A Bacon Revolution

 

Since I converted to eating according to the Atkins plan, I have been trying to find a way to work more bacon into my diet.  Bacon, with its high protein and fat (plus plenty of salt), and no carbohydrates, is an example of a perfect Atkins food.  But it is so hard to prepare, and to clean up afterwards.

 

While I was grilling salmon (one of the fattiest fishes, mmmm ...) on my new Weber gas barbecue, I had an inspiration.  With sudden clarity, I could see that it should be possible to grill bacon directly on the grates.  If it worked, it would probably be the shortest possible path between having bacon and eating it.

 

But as I obsessed about the idea, I realized that it was far from guaranteed. So many things could go wrong.  And what technique should I use?  This is when I remembered that barbecue freaks abound on the internet, and many of them must have gone this way before.

 

Of course, I would have to treat whatever information I found skeptically, because, as reported in a recent Onion article, a factual error has been found on the internet. While it appears to have been an isolated case, it does cast some doubt on everything else.

 

Google didn't seem to be finding what I wanted.  Lots of recipes for bacon and shrimp (-shrimp got rid of that clutter).  Many griddles and devices for cooking bacon on a barbecue just like you do on a stove. But the whole point was to get beyond that.  I can tell when a web search is going somewhere and when it's not, and after a few minutes it was clear that Google wasn't going to find it.

 

I could not believe that no one had tried this before.  The essential concept was so clear that a search should have found it.  I even Asked Jeeves, "How do you cook bacon on a barbecue?" and found it useless, as usual.  But the idea is so potentially important that, having tried this, it seemed unlikely that someone would not immediately write about it on the net.
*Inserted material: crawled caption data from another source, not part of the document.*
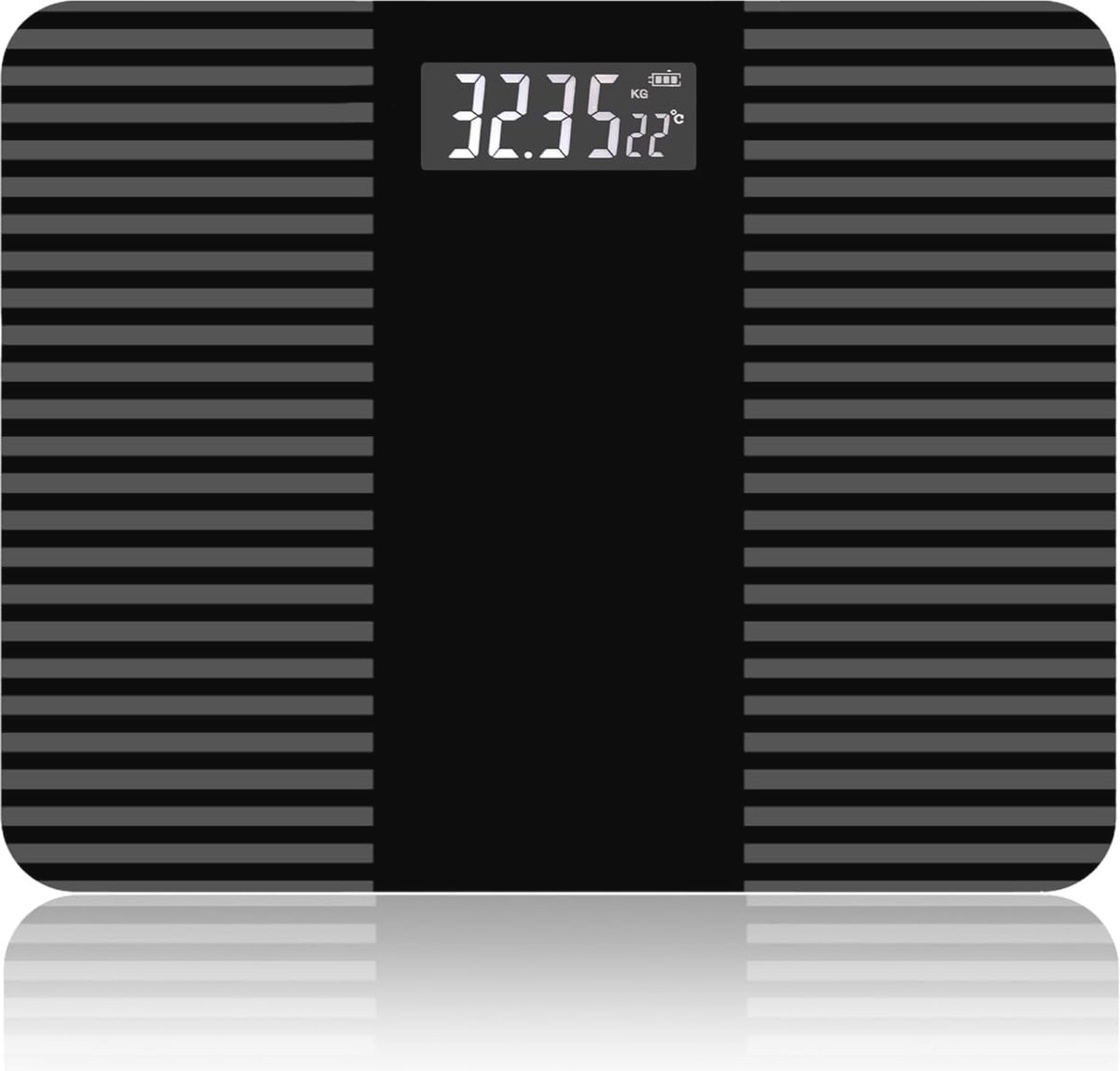Digitale Personenweegschaal met Franse Spraakfunctie en LCD-Display – Gehard Glas, Anti-Slip | Max. 180 kg
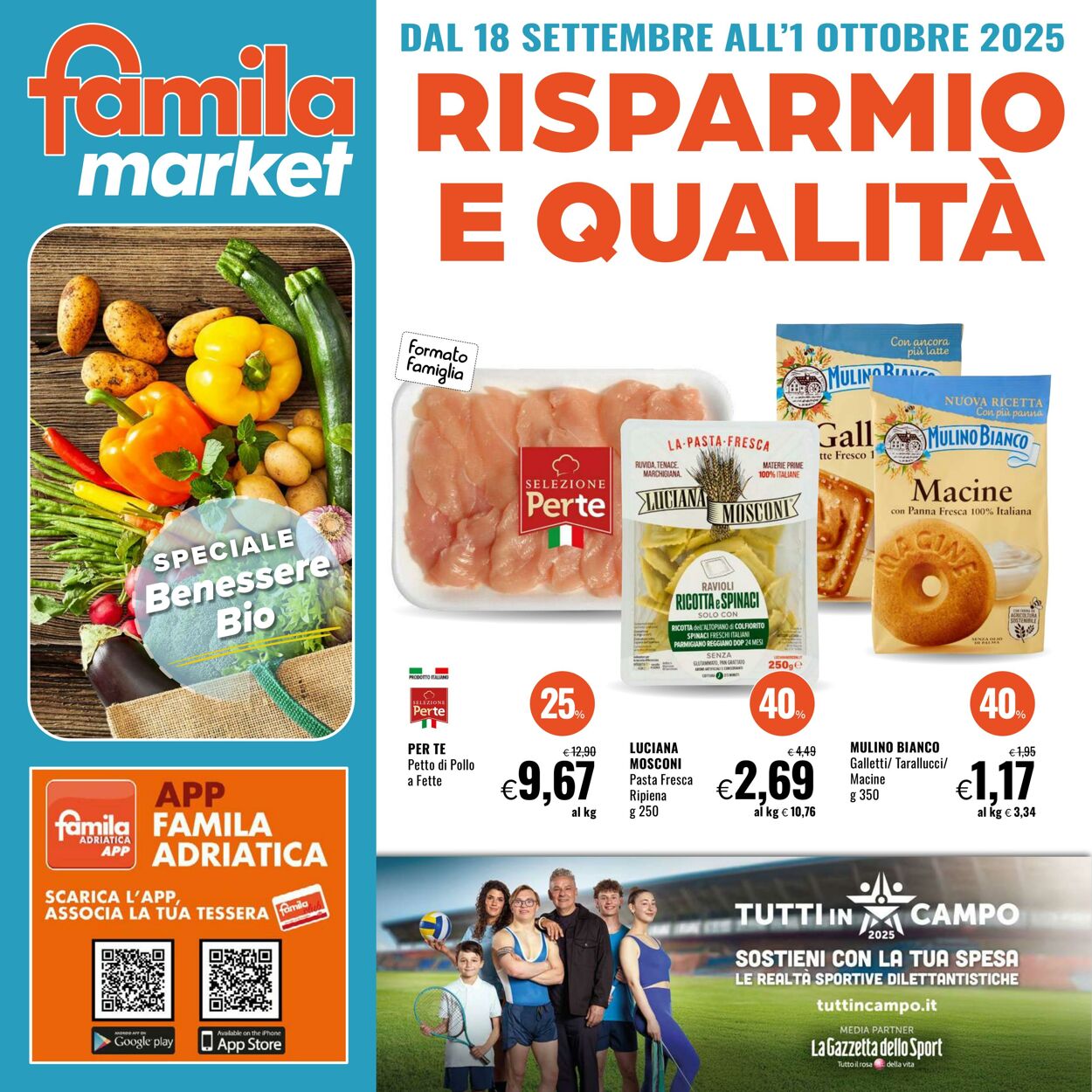 Volantino Famila 18.09.2025 - 01.10.2025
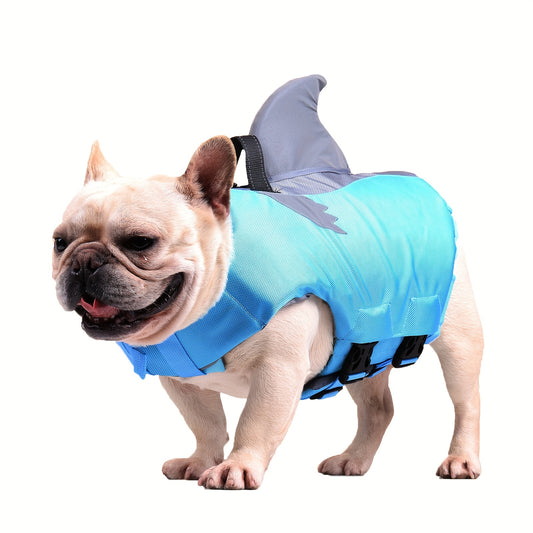 Reflective Shark Shape Pet Life Jacket for Safety and Rescue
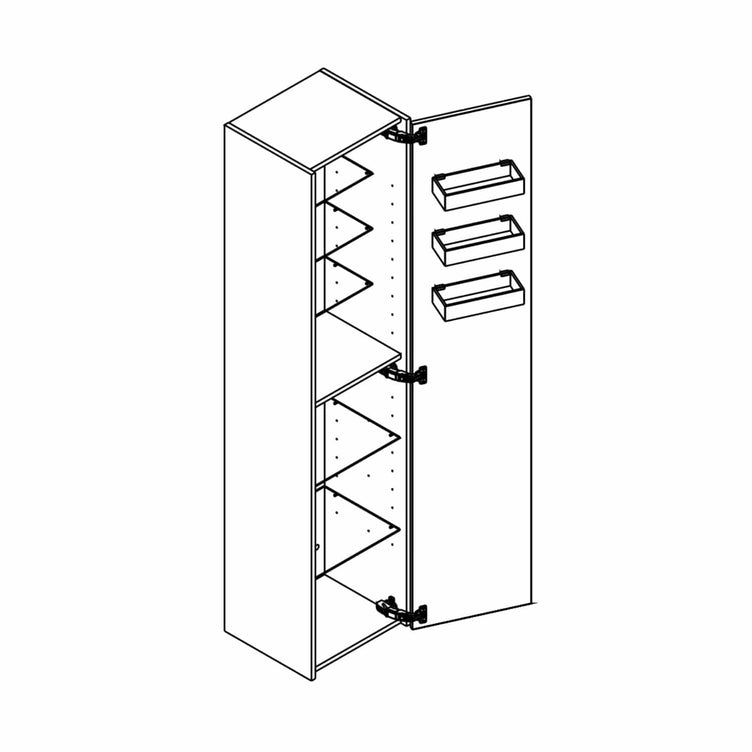 Dansani Inzo Classic Integrert Høyskap 2 dør B40xH176xD35cm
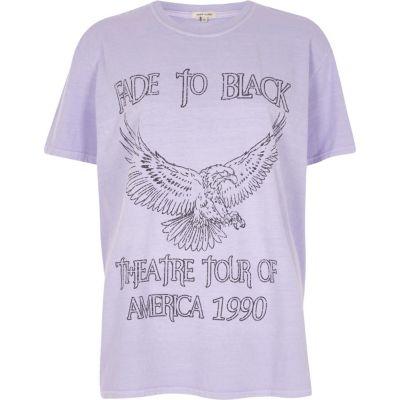 River Island Womens 'fade To Black' Eagle Print T-shirt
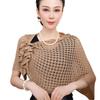 Front Buckle Design Cutout Wrap Sparkly Design Ice Silk Wrap Triangle Shawl  Travel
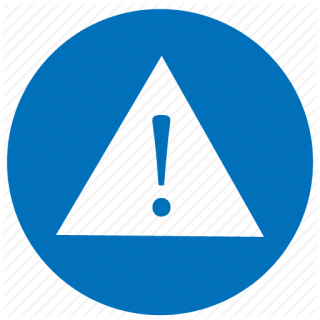 Blue Error, Danger Icon PNG images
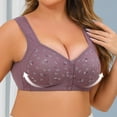 thumbnail image 3 of Generic Plus Size Front Clasp Bra for Older Women,Daisy Bras Sports Bras,Cotton Underwear Without Underwire, 3 of 4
So, it must not have been tried before.

 

I had a pound of bacon in the fridge already, for the weekend.  It took some restraint not to grill it up for dinner Friday, but I decided to sleep on it, and do a little more research, including looking at the Weber manual and cookbook. Nothing to be found.

 

Saturday morning was too busy with baby Cassie as Bonnie was out of the house, and we had a nanny interview around noon.  The bacon was still plenty fresh and would wait until Sunday.

 

Sunday morning, I made coffee, Bonnie and I fed Cassie, and I got out the bacon. I figured it would be too much to make eggs while trying this experiment, so breakfast would be just bacon and coffee, with heavy cream. If the bacon is cooked well you can eat a lot of it without getting queasy.

 

There were so many unknowns, and possible paths to try and retry, but the potential payoff was huge.  I felt like Lewis and Clark trying to invent the light bulb.  I figured a pre-heated, low heat grill would be best, at least safest, and lit up the Weber. I starting peeling the bacon out, two strips at a time, and then separating them, according to the Joy of Cooking.  The bacon separated easily and laid flat across the grates without tangling, as if it realized that this was the way to go all along. The whole pack fit on the grill comfortably - a pound and half would be possible, maybe even two, if this worked.

 

Pretty soon, grease was dripping, then raining down onto the stainless flavorizer (tm) bars.  A grease fire seemed almost physically impossible, because the grease either evaporates on the bars or drips right away into a pan well below the fires.  If somehow the bacon itself caught fire, though, it would be spectacular, spread out as it was. Maybe this is why no one who had been here before was able to write about it.

 

The flavorizers did their job, generating intense smoke that hung low in the quiet morning (it was very early).  I realized that here was something new I didn't anticipate.  The smoked bacon was being smoked again in its own smoke. If it were possible, this would not only be the easiest way to cook bacon, but the tastiest; a win-win.  When the usual compromises are thrown out, and multiple dimensions of flavor, speed, ease, and cleaning improve simultaneously, it is reasonable to call it a revolution.

 

What about turning the bacon?  Unlike the oven, the grill would cook one side at a time.  I got a knot in my stomach, realizing that the bacon would stick to the stainless grates the way it can to a stainless pan. But the grates were so well-seasoned, i.e. rarely cleaned, that the bacon lifted right off, using tongs.  It was beautifully browned on the bottom, and coming along nicely on the top already, as it fried in its own fat. But to get both sides perfect, it should all be flipped.

 

Another 3 minutes of intense smoking over low heat, and it was done. Already crisp, it came of the grill without flopping or dripping. I let the fire go another minute to burn off the fat and let everything drip into the pan.  By that time, I had eaten two strips of the best bacon I have ever made, with about 16 more slices to go.  During moments of intense concentration and excitement it is hard to judge time, but I guess that it took less than 15 minutes altogether.

 

And the clean-up?  I still haven't done it, because there was nothing to do.

 

 

Disclaimer: This technique has not been tried over charcoal, or gas grills with fake briquettes, or non-stainless grates, etc.  It is only endorsed on a stainless gas Weber with flavorizer bars.  Also, the bacon was thick-cut.